Good thing you have fingers @Denton, you know, for counting


----------



## SGG

It's a Coke btw....even if it's a Pepsi


----------



## SGG

I really need direction on how to get to the bunker


----------



## SGG

Op6 is f***ed in SHTF

#banished


----------



## acidMia

Hahaha 'the showmance' was my vote for Cricket's suggestion! That's the combination of your names :tango_face_wink:

Great show, guys!


----------



## SGG

Or how to fake it til you make it


----------



## SGG

#bookswithnowords hahahahaha

Excellent cast guys.


----------



## inceptor

@Denton @Sasquatch, y'all did good. :tango_face_wink:


----------



## Sasquatch

SGG said:


> Metrosexual bitch


Why I oughta!!!!! :vs_mad:


----------



## Sasquatch

No one mentioned the new opening for the show. Any thoughts? 

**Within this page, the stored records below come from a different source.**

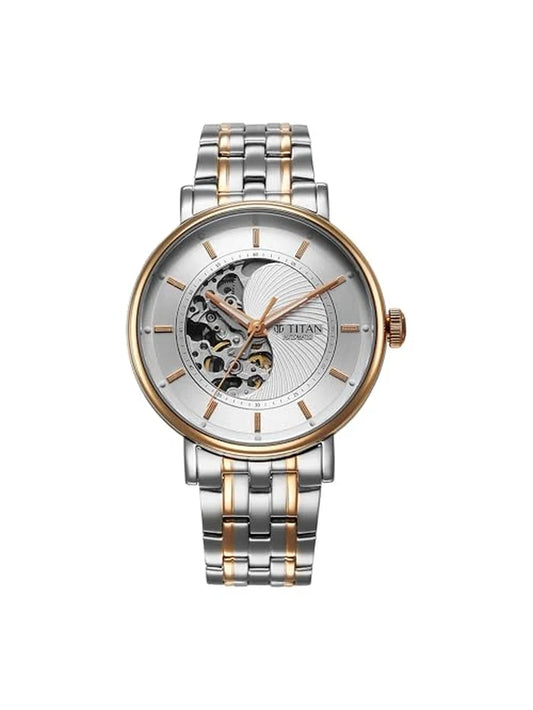 Titan Round White Dial Analog Watch - 90222KM01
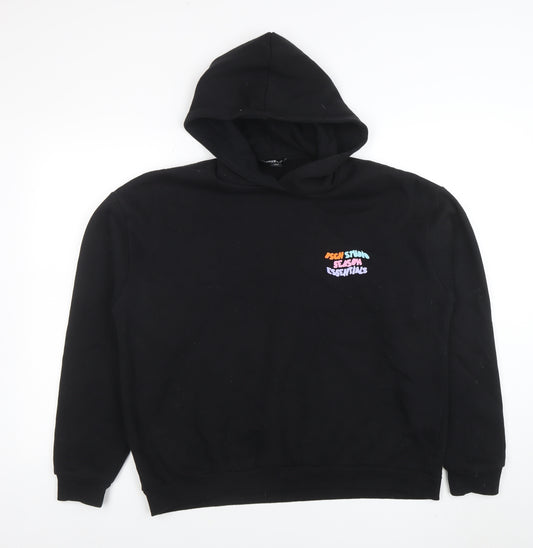 Boohoo Mens Black Pullover Hoodie M Graphic Print Logo Sweatshirt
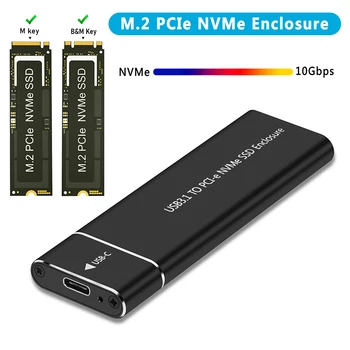 M. 2 NVMe SSD Cabina de Adaptor din Aluminiu Caz C USB 3.1 Gen2 10Gbps să NVMe PCIe Cutie Externă pentru 2230/2242/2260/2280 M2 NVMe SSD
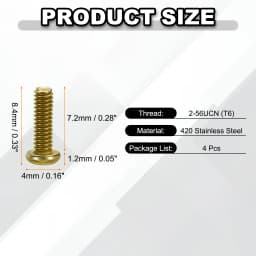 4/10/20pcs Pocket Clip Screws T6 Torx Head 2-56UCN 3.5/4.5/6/7.2mm Thread Length Folding Knife Fasteners for Blade Fixing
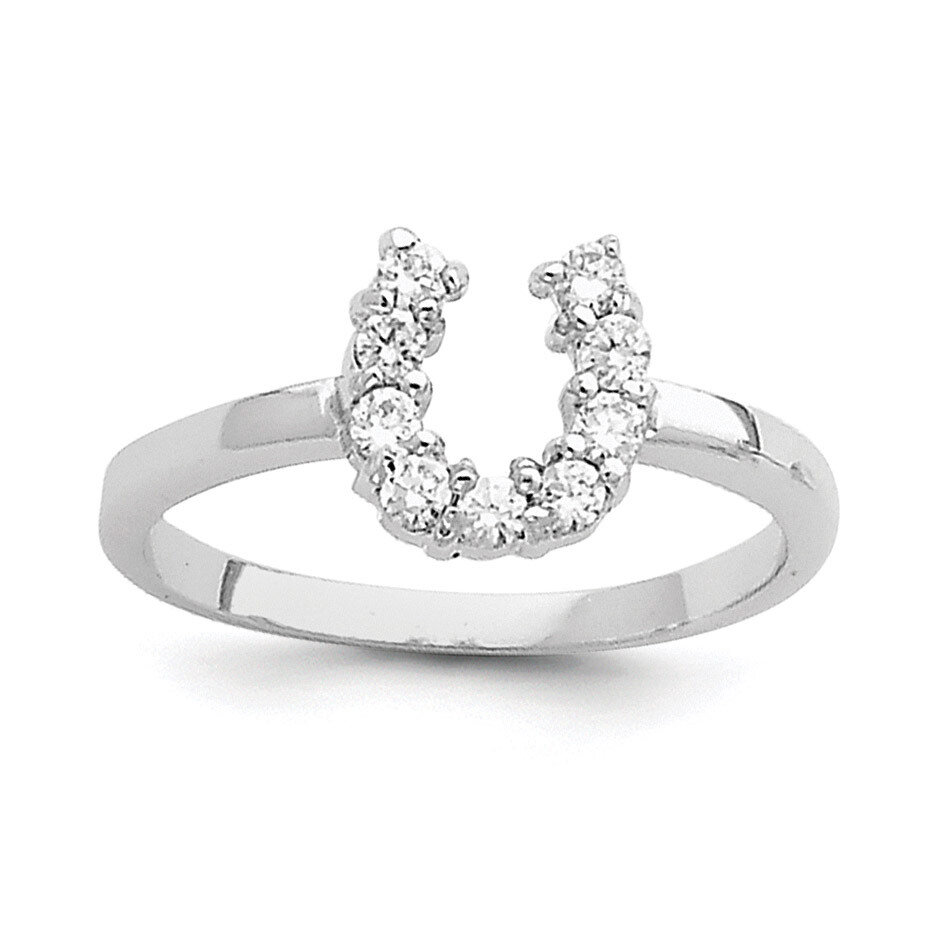 U Shaped Clear CZ Ring Sterling Silver Polished QR2749-7, MPN: QR2749, 883957556314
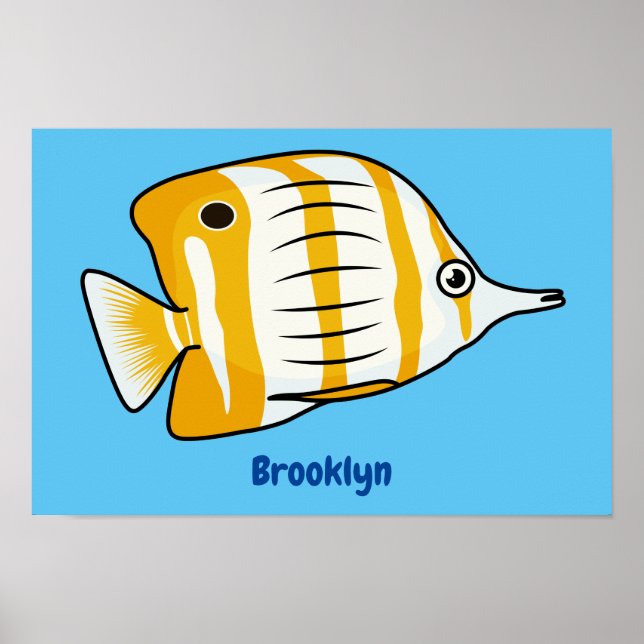 Cute butterfly fish cartoon illustration poster (Front)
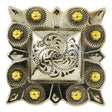 115-232504.SLC.jpg 1" Square Berry Concho - Old Silver/Gold Plate Image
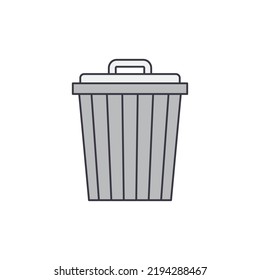 Trash bin icon in color, isolated on white background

Sent from a Galaxy S5 far far away.


----------



## 6811

Denton asked how to erase a laptop's hard drive before disposal of the laptop. Call Hillary, she is the expert on that subject.


----------



## 6811

Sasquatch said:


> No one mentioned the new opening for the show. Any thoughts?
> 
> Sent from a Galaxy S5 far far away.


The new opening was good. I guess you could flip flop between the first one and the new one. So when is Cricket going to be on the show?


----------



## A Watchman

Sasquatch said:


> No one mentioned the new opening for the show. Any thoughts?
> 
> Sent from a Galaxy S5 far far away.


Haven't listened in yet .....is it PG-13?


----------



## A Watchman

Just tried .... only clicked the arrow to play previously, including after the change to Pod cast ........ is something different? Seems like one is required to set up an account maybe and download the file to your hard drive. Please advise.


----------



## Operator6

SGG said:


> Op6 is f***ed in SHTF
> 
> #banished


I have my own group SGG, we're all educated and we get along great.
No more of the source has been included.